### REQUIREMENT
An exact copy is needed of the lines in the entries below from the line with "Honda Civic Se-t Brown #2" up to and including the line with "Mercedes-Benz AMG GT Jenah S5 для GTA 4", and of nothing else. Leave the pictures out.

### MATERIAL FOR THIS TASK
____________
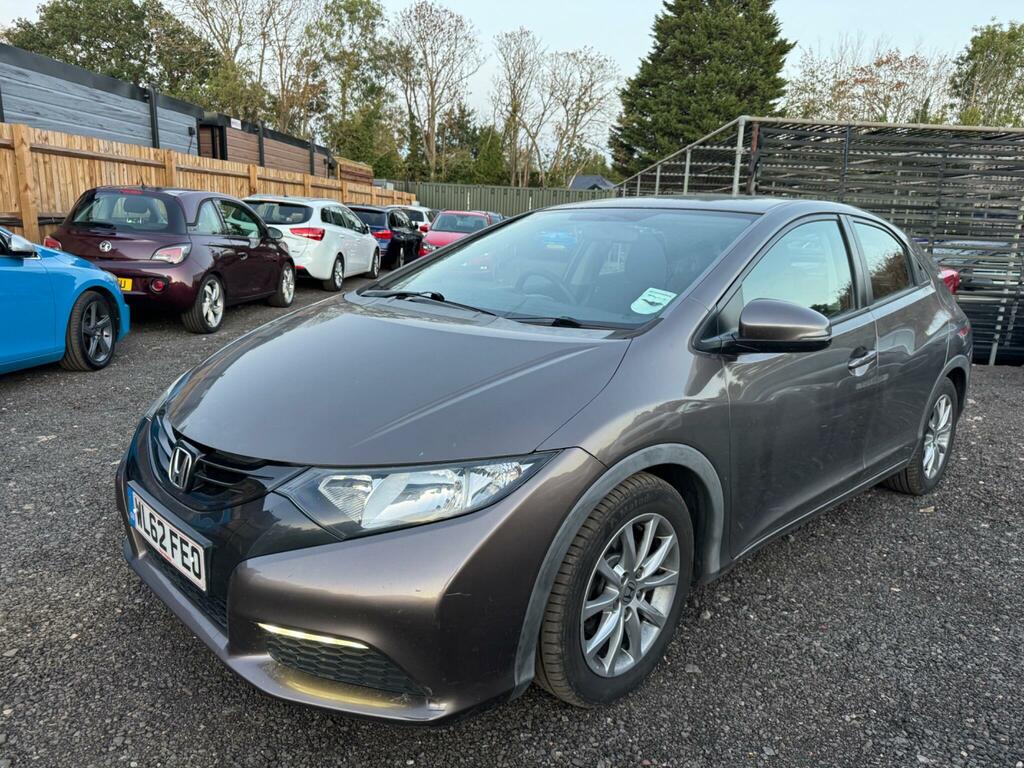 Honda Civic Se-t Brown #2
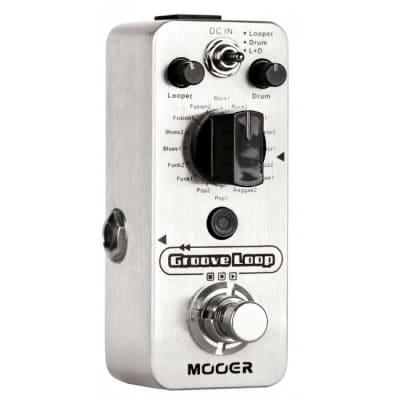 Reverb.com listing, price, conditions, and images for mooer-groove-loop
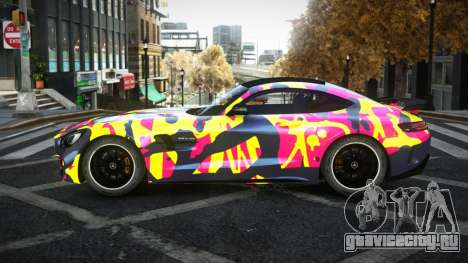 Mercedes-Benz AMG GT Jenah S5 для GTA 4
____________
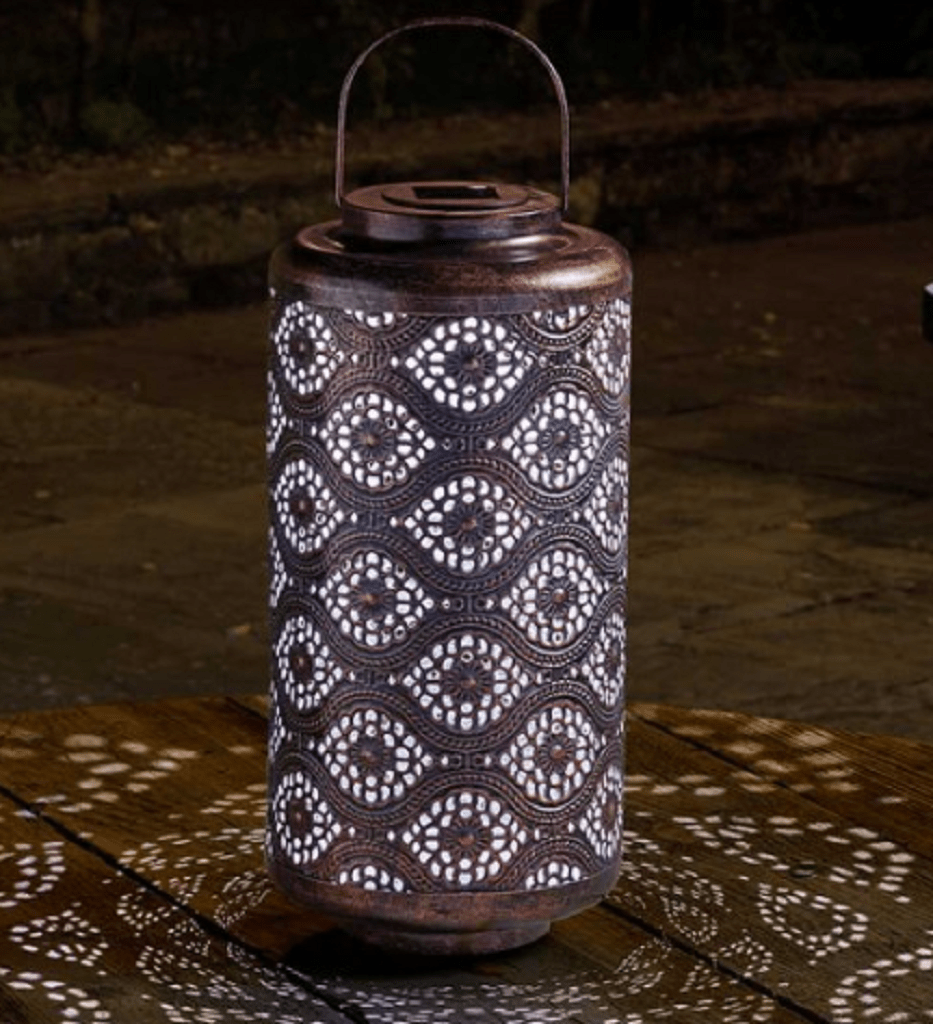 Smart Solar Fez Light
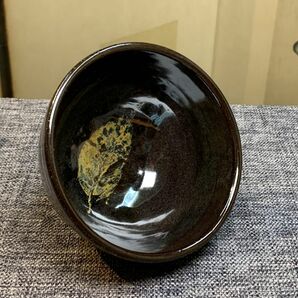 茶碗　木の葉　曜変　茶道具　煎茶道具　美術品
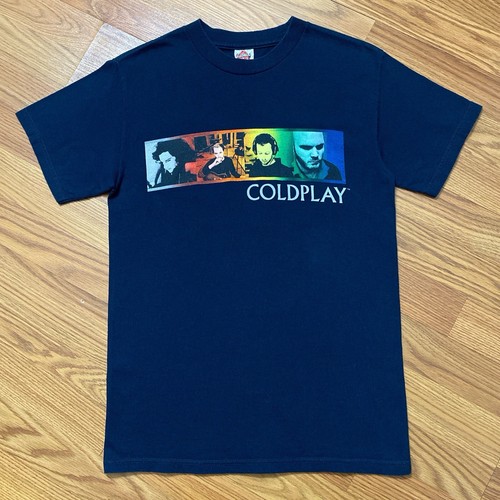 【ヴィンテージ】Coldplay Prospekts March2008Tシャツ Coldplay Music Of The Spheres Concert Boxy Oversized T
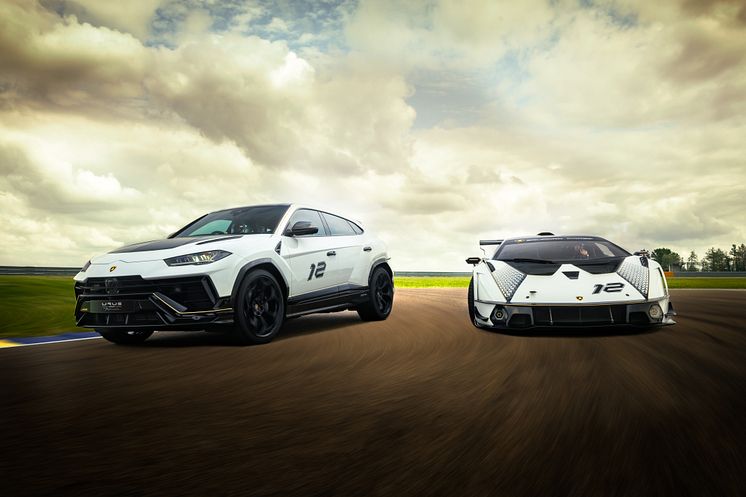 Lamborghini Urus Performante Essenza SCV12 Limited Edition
____________
### ANSWER TO THIS EXERCISE
 Honda Civic Se-t Brown #2
 Reverb.com listing, price, conditions, and images for mooer-groove-loop
 Mercedes-Benz AMG GT Jenah S5 для GTA 4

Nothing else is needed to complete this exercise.